Build, publish and share packages to the GitLab NuGet (.NET) Repository

Problem to solve

.NET developers need a mechanism to create, share, and consume packages that contain compiled code and other content in projects that consume these packages. For .NET, the Microsoft-supported mechanism for sharing code is NuGet, which defines how packages for .NET are created, hosted, and consumed, and provides the tools for each of those roles.

By integrating with NuGet, GitLab will provide a centralized location to store and view those packages, in the same place as their source code and pipelines.

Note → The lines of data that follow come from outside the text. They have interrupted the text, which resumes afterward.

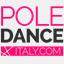 poledanceitaly.com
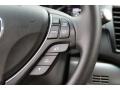 2013 Graphite Luster Metallic Acura RDX AWD  photo #20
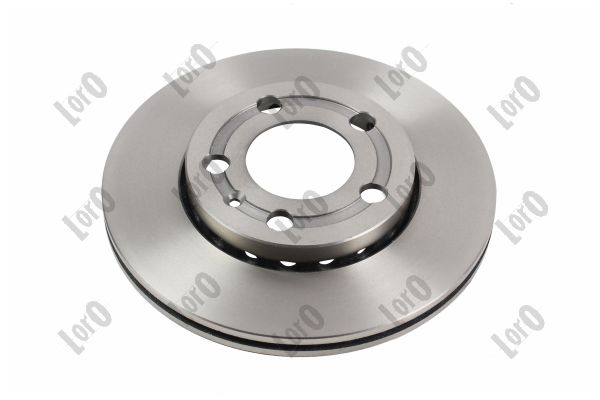 Disc frana ABAKUS 231-03-048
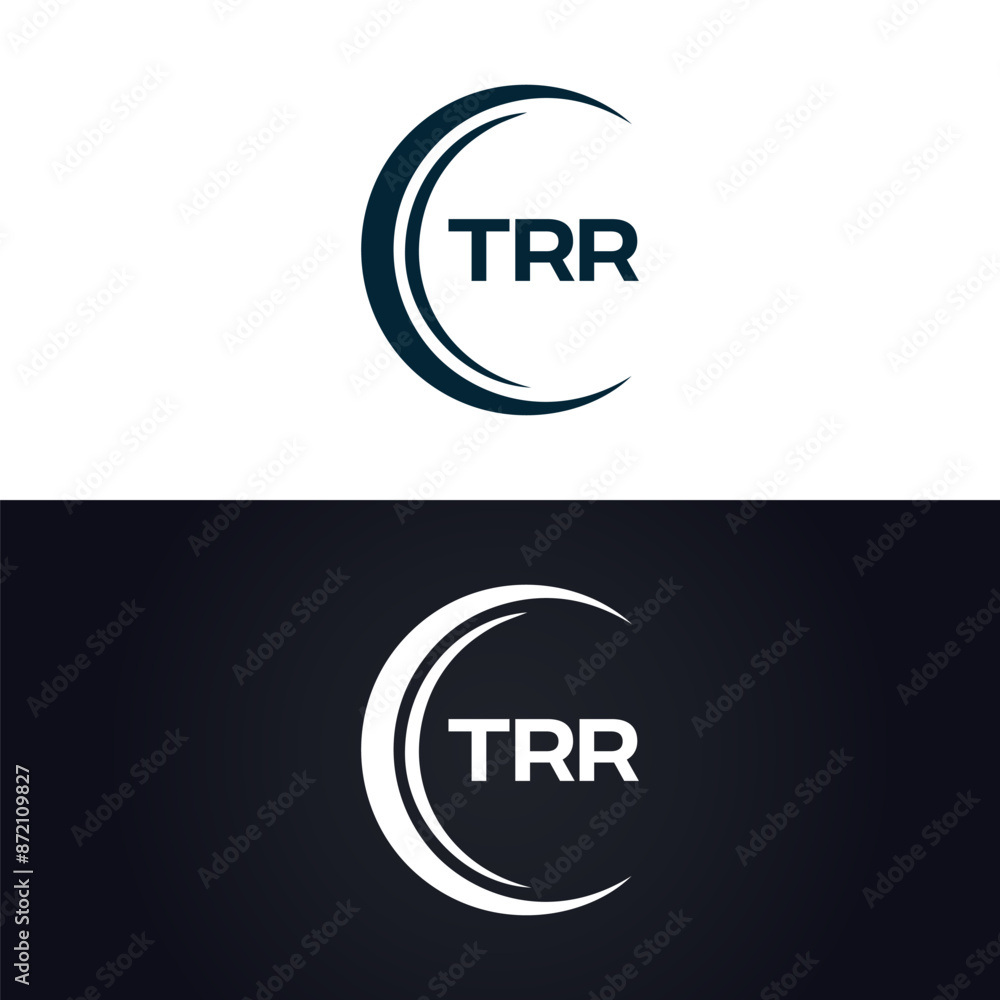 TRR logo. T R R design. White TRR letter. TRR, T R R letter logo design. T R R letter logo design in GOLD, GOLDEN LOGO, THREE, style. letter logo set in one artboard. T R R letter logo vector design. TRR logo. T R R design. White TRR letter. TRR, T R R letter logo design. T R R letter logo design in GOLD, GOLDEN LOGO, THREE, style. letter logo set in one artboard. T R R letter logo vector design.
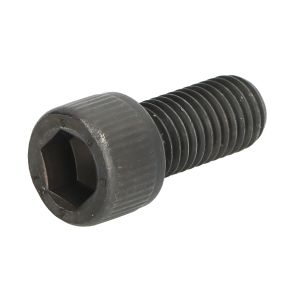 Elemento, diferencial CARRARO 21693-CR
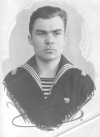 ТИТОВ Николай Иванович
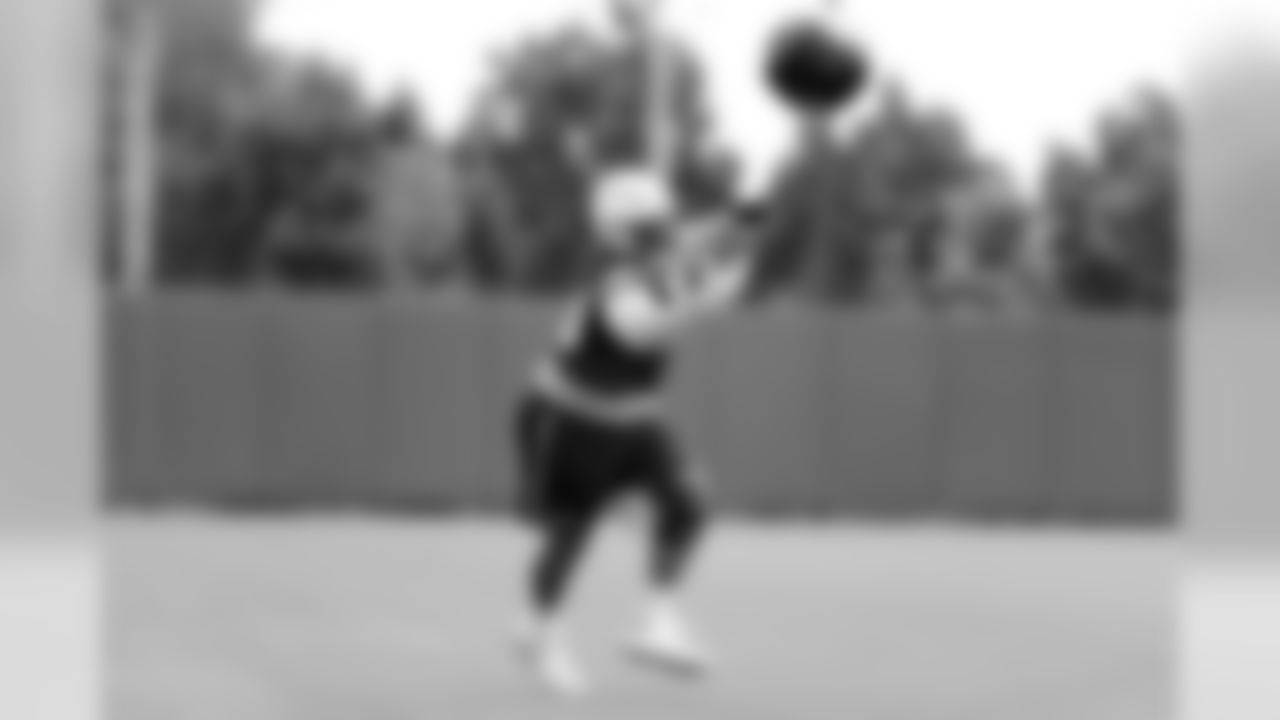 ota-day-3-12.jpg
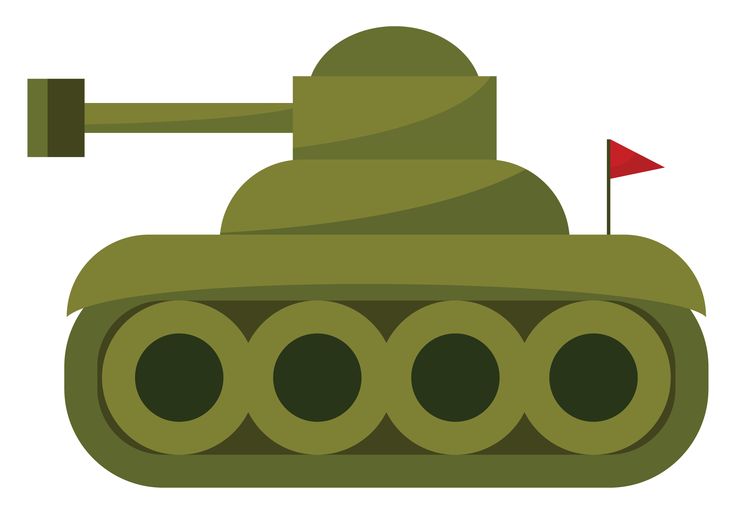 army%20clipart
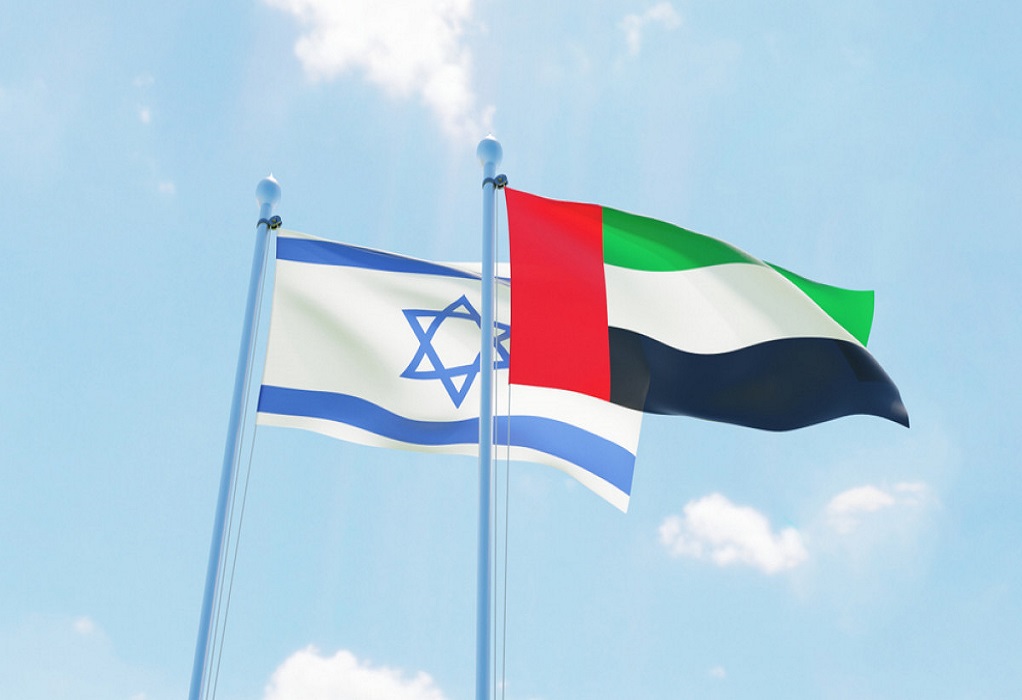 Παλαιστίνιοι: Απορρίπτουν τη συμφωνία Ισραήλ-ΗΑΕ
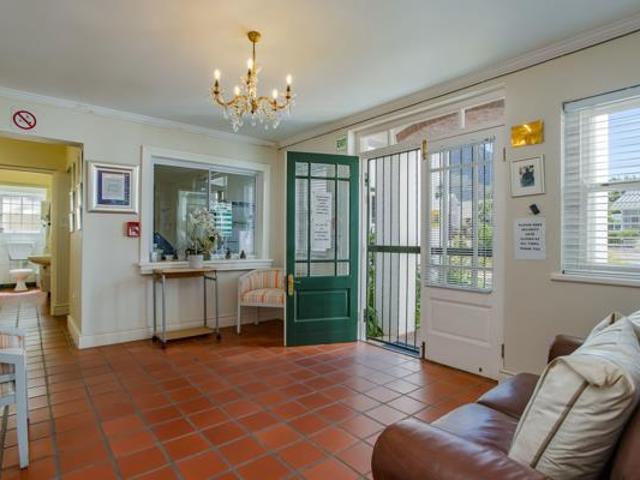 House for sale in Durbanville, Western Cape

This issue will contribute to the vision of the GitLab Package stage to provide a single interface for managing dependencies, registries, and package repositories.

Intended users

Proposal

Provide support for users coding in .NET by integrating with NuGet and allowing developers to publish, share and consume .NET packages alongside their source code and CI/CD pipelines.

Proposed MVC Scope

  • We will provide documentation for, configuring the NuGet client to add GitLab to the remote list.
  • Users are able to add a project NuGet registry url to nuget in an authenticated manner using GitLab username + token.
  • Users are able to push a NuGet package (nuget push)
  • Users are able to pull a NuGet package (nuget install)
  • Users are able to delete a NuGet package (for the MVC, we will only allow deletion via the Packages API or the UI)
  • The MVC will be limited to the backend work and we will address the UI in subsequent milestones.

NuGet Commands (MVC)

Below is a list of the core NuGet commands that we will cover in this MVC.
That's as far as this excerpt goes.